Tres nombres, una trama y un sistema judicial que castiga según convenga.
Tres hombres, una misma investigación, tres destinos judiciales distintos. José Luis Ábalos y su antiguo asesor Koldo García, señalados por la Guardia Civil por haber recibido pagos irregulares a cambio de contratos públicos, están en libertad. Santos Cerdán, exsecretario de Organización del PSOE, lleva más de tres meses en prisión preventiva. El mismo juez, el mismo fiscal, el mismo caso. La diferencia no está en los hechos, sino en las decisiones.
El magistrado Leopoldo Puente justifica que solo Cerdán puede destruir pruebas, porque supuestamente era quien gestionaba los pagos dentro de la trama. Pero el razonamiento roza lo absurdo: si todos participaban, ¿por qué solo uno representa un riesgo? La prisión preventiva, que debería ser una medida excepcional, se usa como castigo anticipado, un instrumento para presionar, no para proteger la investigación.
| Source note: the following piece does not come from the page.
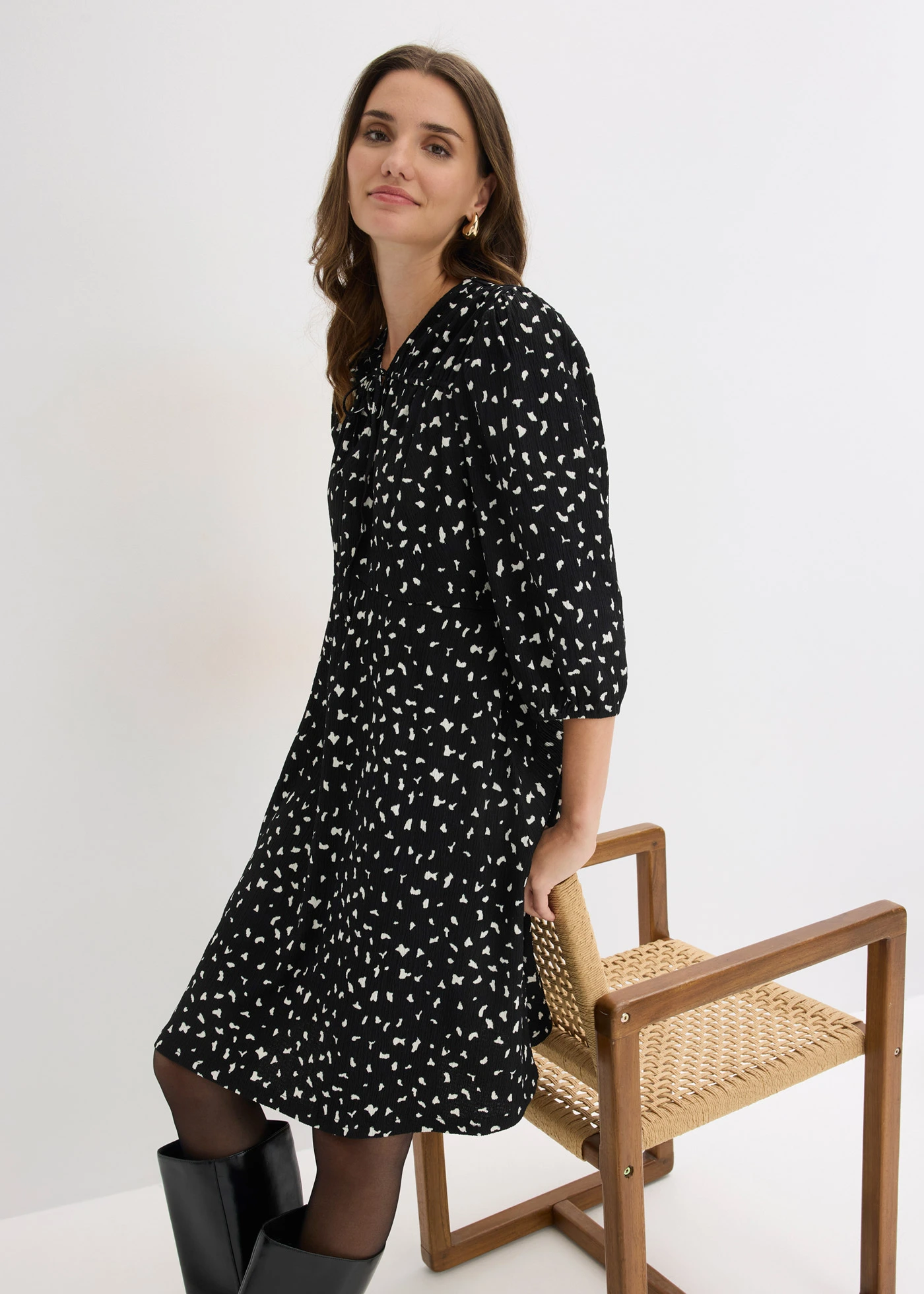 Robe trapèze en jersey • noir graphique • Boutique bonprix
El juez y el fiscal Anticorrupción, Alejandro Luzón, descartan peligro de fuga o reincidencia. Solo ven “riesgo cierto” de alteración de pruebas, una expresión tan vaga como funcional. Y así, sin pruebas nuevas ni avances sustanciales, Cerdán sigue en prisión mientras los otros dos duermen en casa, demostrando que en España no basta con ser inocente, hay que caerle bien al juez.
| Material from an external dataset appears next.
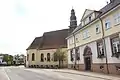 Altes Rat- und Schulhaus von 1836 mit St.-Nikolaus-Kirche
Nada es casual cuando los tiempos judiciales coinciden con los políticos. La defensa de Cerdán denuncia que el juez busca el “shock” para obtener confesiones. Es decir, prisión preventiva como herramienta de desgaste. La UCO, más ágil filtrando que probando, nutre un relato mediático que condena antes de juzgar. El Supremo, mientras tanto, guarda silencio, amparándose en informes orales que nadie puede verificar.
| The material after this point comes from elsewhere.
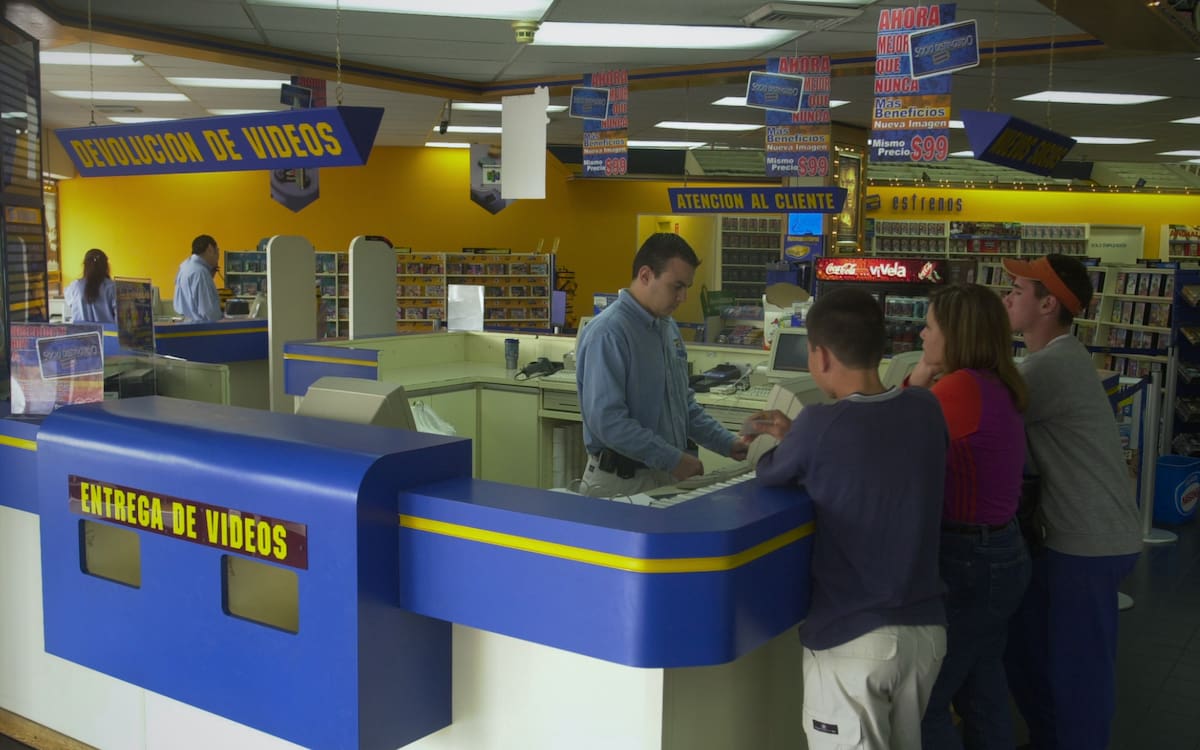 En México, la llegada de Blockbuster se convirtió en un auténtico hito urbano. Las sucursales ubicadas en esquinas estratégicas de las principales ciudades y colonias se transformaron en puntos de reunión obligados. Era el destino favorito de las familias, las parejas y los grupos de amigos cada fin de semana. Foto: Archivo GH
La paradoja es evidente: Ábalos y Koldo, más mediáticos, más conocidos, más quemados políticamente, están libres. Cerdán, el menos visible, permanece encarcelado desde el 30 de junio. El propio juez reconoce que el plazo máximo para mantenerle preso —seis meses— vence el 30 de diciembre. Pero su vida ya está rota. La justicia española, que a menudo actúa con una lentitud desesperante en casos de corrupción de la derecha, aquí se muestra implacable, selectiva y oportuna.
El caso Cerdán evidencia la función política del derecho penal: no siempre se busca verdad, sino control. Cuando el castigo llega antes que la condena, cuando las filtraciones sustituyen a las pruebas, y cuando el criterio del juez parece más moral que jurídico, el Estado de derecho se convierte en un teatro donde la toga es solo el disfraz del poder.
Ábalos y Koldo siguen dando explicaciones en libertad. Cerdán las da desde una celda.
La justicia, en España, no es ciega: mira muy bien a quién encierra.